Starting with the conditional you wrote:
if (firstTwo == am1 || am2 && totalSum == 0)
The compiler told you to "place parenthesis around the && statement to silence this warning".
And you tried, as the complete source currently shows:
if (firstTwo == am1 || am2 (&& totalSum == 0))
Both of these tries syntactically tell the compiler to use am2
as a function object and call it. But since am2
is just an int
object, it cannot do this. Therefore, it produced the next error message.
What the warning message really means is to put the complete expression (statement) with the binary operator &&
in parentheses:
if (firstTwo == am1 || (am2 && totalSum == 0))
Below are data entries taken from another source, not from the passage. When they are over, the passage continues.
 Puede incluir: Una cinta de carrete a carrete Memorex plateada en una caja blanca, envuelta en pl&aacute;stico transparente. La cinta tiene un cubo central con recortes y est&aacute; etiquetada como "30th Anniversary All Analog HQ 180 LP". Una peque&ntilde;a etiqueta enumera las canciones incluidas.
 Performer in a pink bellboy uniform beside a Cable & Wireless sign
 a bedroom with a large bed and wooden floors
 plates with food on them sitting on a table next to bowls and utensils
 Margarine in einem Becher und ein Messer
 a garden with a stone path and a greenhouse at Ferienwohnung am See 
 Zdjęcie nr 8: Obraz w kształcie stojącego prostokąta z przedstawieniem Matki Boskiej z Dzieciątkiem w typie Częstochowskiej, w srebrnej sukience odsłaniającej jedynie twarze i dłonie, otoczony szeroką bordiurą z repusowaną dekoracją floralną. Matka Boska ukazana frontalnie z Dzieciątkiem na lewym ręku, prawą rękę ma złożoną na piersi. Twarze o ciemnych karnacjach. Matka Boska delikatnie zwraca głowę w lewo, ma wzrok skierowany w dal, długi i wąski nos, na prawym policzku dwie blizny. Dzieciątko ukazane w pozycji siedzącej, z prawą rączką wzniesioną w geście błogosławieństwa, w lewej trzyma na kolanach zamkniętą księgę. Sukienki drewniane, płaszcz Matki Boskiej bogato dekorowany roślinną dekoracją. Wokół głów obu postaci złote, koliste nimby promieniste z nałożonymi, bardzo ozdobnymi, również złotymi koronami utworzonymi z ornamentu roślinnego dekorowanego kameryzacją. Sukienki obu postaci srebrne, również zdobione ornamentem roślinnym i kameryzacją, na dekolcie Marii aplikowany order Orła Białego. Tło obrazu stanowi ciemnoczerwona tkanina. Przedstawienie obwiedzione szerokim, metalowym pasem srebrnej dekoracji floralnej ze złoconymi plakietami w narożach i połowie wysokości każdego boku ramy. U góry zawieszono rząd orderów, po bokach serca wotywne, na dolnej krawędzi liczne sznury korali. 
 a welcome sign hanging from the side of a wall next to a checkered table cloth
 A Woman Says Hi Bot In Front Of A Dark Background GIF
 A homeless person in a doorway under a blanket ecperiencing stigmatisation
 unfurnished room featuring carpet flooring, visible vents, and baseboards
This makes visible that &&
is evaluated before ||
, which can be overseen easily.
This will actually silent the warning, but it is not what you apparently want. This conditional will compare am2
with zero as the left operand of the &&
operator.
C needs explicit expressions, when it comes to AND/OR-combined comparisons. Most probably this is what you want:
if ((firstTwo == am1 || firstTwo == am2) && totalSum == 0)
Note: There are more serious issues with your code, but for now this answers the asked and hardest problem. Reduce your code to a simple first working stage, and only if this works, add some small next feature. Do not try to write a "big bang" solution.